I said that ” it seems that upon reflection I would embrace an extrapolation of the model-based system’s preferences as representing ‘my values’.”
OK, didn’t notice that; I was referring more to the opening dialog. Though “extrapolation” still doesn’t seem to fit, because brain “modules” are not the same kind of thing as goals. Two-step process where first you extract “current preferences” and then “extrapolate” them is likely not how this works, so positing that you get the final preferences somehow starting from the brains is weaker (and correspondingly better, in the absence of knowledge of how this is done).
I agree that the two-step process may very well not work. This is an extremely weak and preliminary result. There’s a lot more hacking at the edges to be done.
I agree that the two-step process may very well not work. This is an extremely weak and preliminary result.
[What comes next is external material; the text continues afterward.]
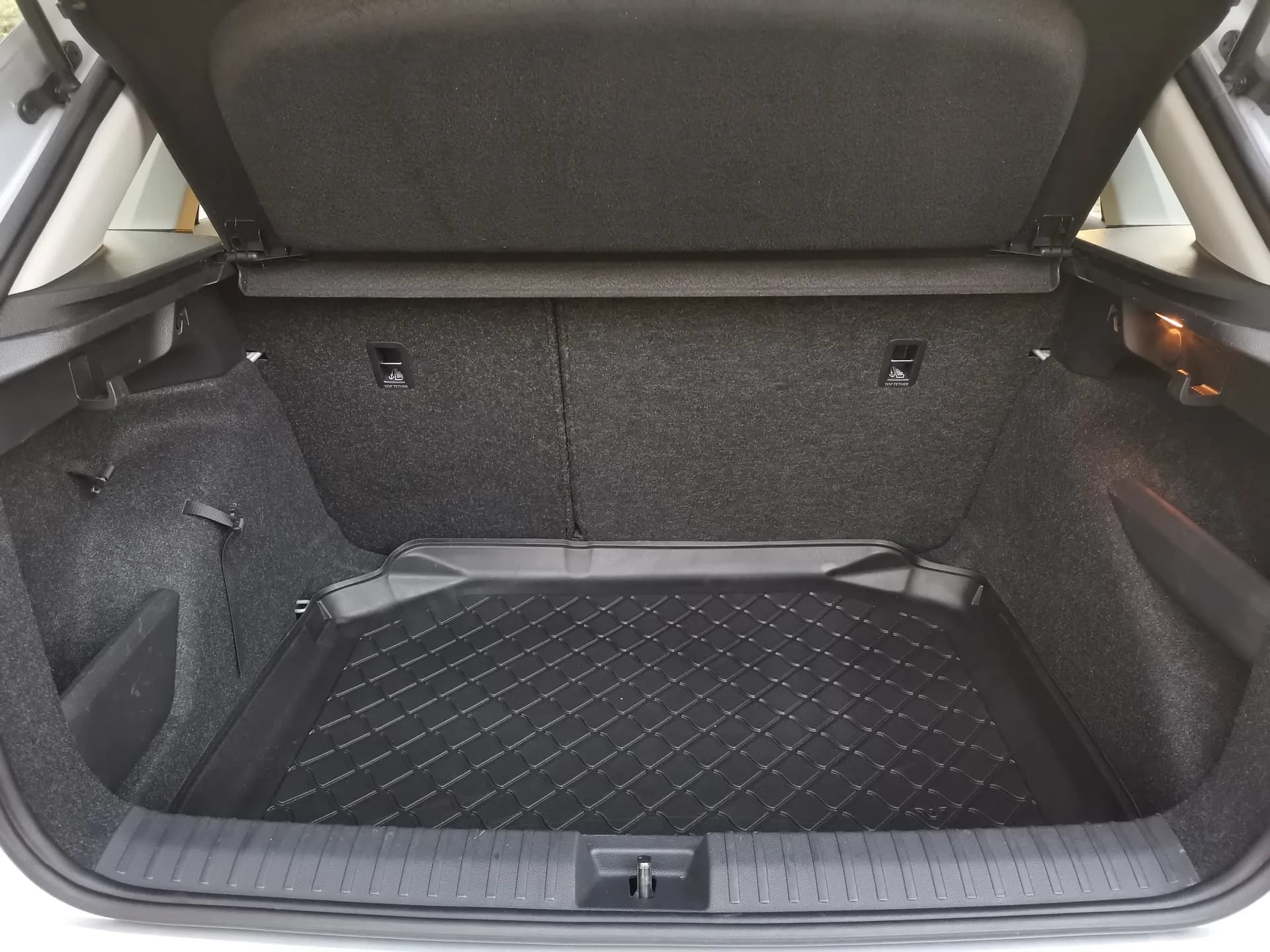 Skoda Kamiq 1.6 TDI 85kW 115CV Sport — fotografía 26 de 30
What are you referring to by “this” in the second sentence? I don’t think there is a good reason to posit the two-step process, so if this is what you refer to, what’s the underlying result, however weak and preliminary?
Two-step process = (1) Extract preferences, (2) Extrapolate preferences. This may not work. This is one reason that this discovery about three valuation systems in the brain is so weak and preliminary for the purposes of CEV. I’m not sure it will turn out to be relevant to CEV at all.
I see, so the two-step thing acts as a precondition. Is it right that you are thinking of descriptive idealization/analysis of human brain as a path that might lead to definition of “current” (extracted) preferences, which is then to be corrected by “extrapolation”? If so, that would clarify for me your motivation for hoping to get anything FAI-relevant out of neuroscience: extrapolation step would correct the fatal flaws of the extraction step.
(I think extrapolation step (in this context) is magic that can’t work, and instead analysis of human brain must extract/define the right decision problem “directly”, that is formally/automatically, without losing information during descriptive idealization performed by humans, which any object-level study of neuroscience requires.)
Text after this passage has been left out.